=== Extracted data ===

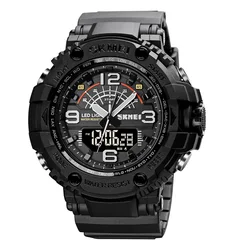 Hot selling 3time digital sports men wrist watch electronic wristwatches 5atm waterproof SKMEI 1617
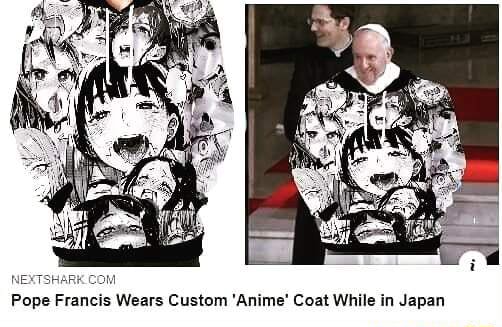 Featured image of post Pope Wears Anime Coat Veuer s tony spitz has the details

===
=== Extracted data ===

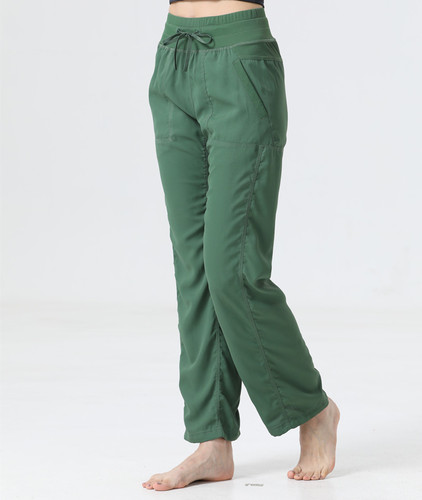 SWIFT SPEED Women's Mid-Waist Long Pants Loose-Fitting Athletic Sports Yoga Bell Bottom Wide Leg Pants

===
=== Extracted data ===

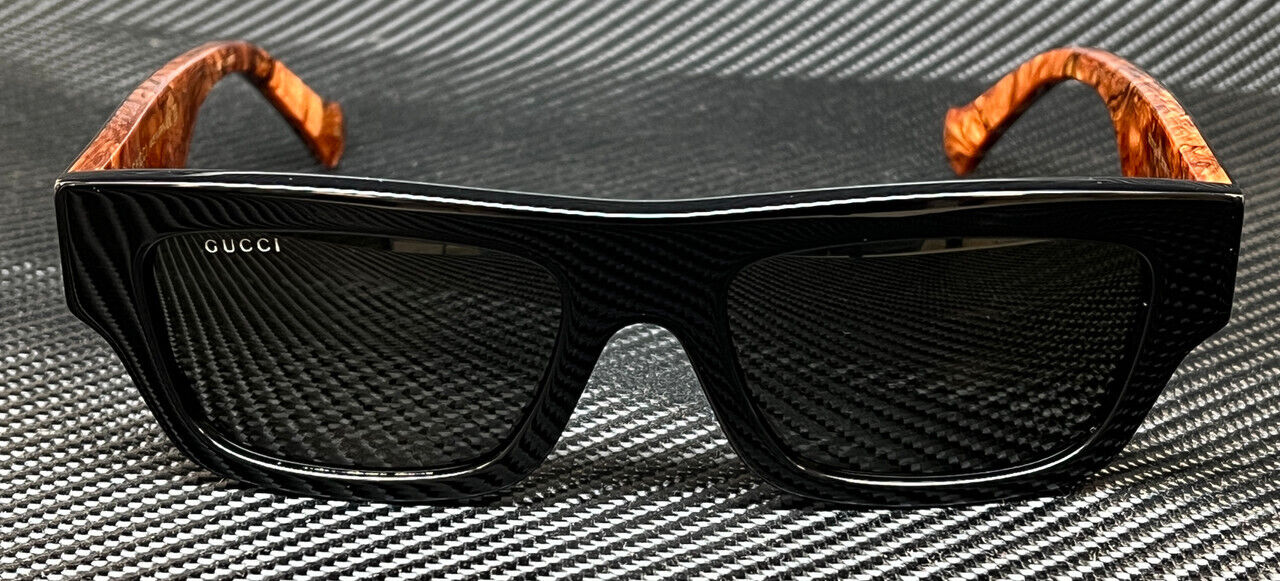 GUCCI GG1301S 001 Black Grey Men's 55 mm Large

===

→ Problem to solve
Within the listing above, print exactly the stretch beginning at the line that contains "Hot selling 3time" and finishing at the line that contains "Featured image of", ends kept, pictures left out, and nothing more.

→ Your response
 Hot selling 3time digital sports men wrist watch electronic wristwatches 5atm waterproof SKMEI 1617
 Featured image of post Pope Wears Anime Coat Veuer s tony spitz has the details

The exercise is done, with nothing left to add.